To sum up, the incoming influence of node $v_i$ from its in-neighbour $v_j$ is calculated as the linear combination of the incoming topology influence $TI_{in}(v_j,v_i)$ and the incoming attribute influence $AI_{in}(v_j,v_i)$. Thus, the incoming influence ${\hat{b}}_{v_j,v_i}$ in LTPlus model is defined as:

$$\begin{aligned} {\hat{b}}_{v_j,v_i} = \alpha _1 \cdot TI_{in}(v_j,v_i) + \alpha _2 \cdot AI_{in}(v_j,v_i), \end{aligned}$$

(6)

where $\alpha _1$ and $\alpha _2$ indicate the weight coefficients of topology and attribute influence, $\alpha _1, \alpha _2 \in (0,1)$ and $\alpha _1 + \alpha _2 = 1$.

Obviously, the LTPlus propagation model takes into account topology structure and attribute similarity between nodes. Besides, the LTPlus propagation model fully considers that different in-neighbors contribute different attribute influence, which is more in line with real situations of information propagation. When $\alpha _1 = 1$, the LTPlus model degenerate into the LT model, while $\alpha _1 = 0$ means only node attributes are considered in information diffusion process. Generally, we treat the topology and attribute influence on an equal basis and set $\alpha _1 = \alpha _2 = 0.5$.

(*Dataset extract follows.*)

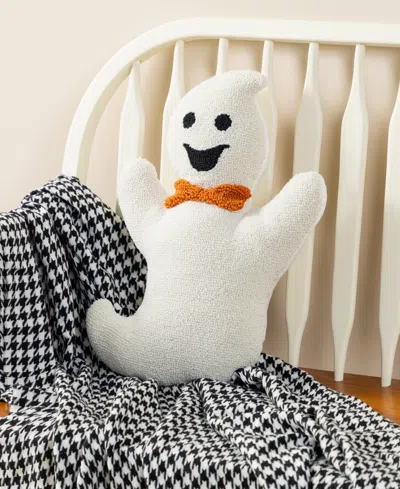 Glitzhome Halloween Hooked Ghost Shaped Decorative Pillow, 12" X 4"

The graph-embedding based community detection method

The goal of graph-embedding based community detection is to partition nodes in the network G into l clusters $C=\{C_1,C_2,\ldots ,C_l\}$. As mentioned above, an adaptive graph convolution (AGC) method⁴⁵ is used in this paper as the community detection method. A low-pass graph filter F⁴⁵ is designed in AGC:

$$\begin{aligned} F = I - \frac{1}{2}L_s, \end{aligned}$$

(7)

where $L_s = I-D^{-\frac{1}{2}}AD^{-\frac{1}{2}}$ is the symmetrically normalized graph Laplacian operator, I is the identity matrix and D is the degree matrix. To capture global graph structures and facilitate clustering, AGC defined k-order graph convolution⁴⁵ as:

$$\begin{aligned} {\bar{X}}=(I-\frac{1}{2}L_s)^k X, \end{aligned}$$

(8)

where k is a positive integer. After convolution, AGC employed the linear kernel $K={\bar{X}}{\bar{X}}^T$ to learn pairwise similarity between nodes and then performed spectral clustering on $W=\frac{1}{2}(|K|+|K^T|)$ to obtain clustering results.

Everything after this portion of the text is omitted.